Researchers from the University of Buenos Aires leveraged their 20 years of research into avian muscular activation to transform neural data of an unconscious bird dreaming about a territorial confrontation into synthetic birdsong. While sleeping, birds exhibit activity patterns in their muscles that correspond to known behaviors, including signals to musculature related to vocalization.

Similarly, humans and other animals exhibit muscle activations during dreams that are analogous to waking activities. The bird, a flycatcher called a great kiskadee (named for its signature song), was chosen for its well-studied physical singing mechanisms. While the bird slept, the researchers observed that it raised its crest of feathers in a gesture associated with territorial behavior; using a dynamical model of the suboscine vocal apparatus, the researchers transformed data derived from the bird’s syringeal muscle activity into the distinctive territorial call of the great kiskadee.

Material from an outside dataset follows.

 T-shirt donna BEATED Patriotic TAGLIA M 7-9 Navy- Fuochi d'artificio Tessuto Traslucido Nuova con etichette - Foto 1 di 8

“I felt great empathy imagining that solitary bird recreating a territorial dispute in its dream. We have more in common with other species than we usually recognize,” says study author Gabriel Mindlin.

Snooker imaginary

Researchers have long used an idealized game of billiards as a model for mathematics and physics phenomena. Assuming a perfect billiards table and a perfectly spherical cue ball with zero friction, for example, the ball will ricochet forever off the table’s walls.


Questions that theoreticians explore include things like, “Does the ball ever return to its starting point?” “Does the ball ever visit every point on the table?” And what happens if you vary its starting point or the angle of the initial shot?

These questions are applicable in many math contexts, including explorations of chaos. Now, a group of researchers at the University of Amsterdam have modified this thought experiment with a new constraint: What if the ball was restricted from ever crossing its own path? The result is that the size of the table becomes increasingly small. The new constraint reveals that the ball eventually becomes trapped on the table by its own path, and that it is more likely to become trapped in some parts of the table than others.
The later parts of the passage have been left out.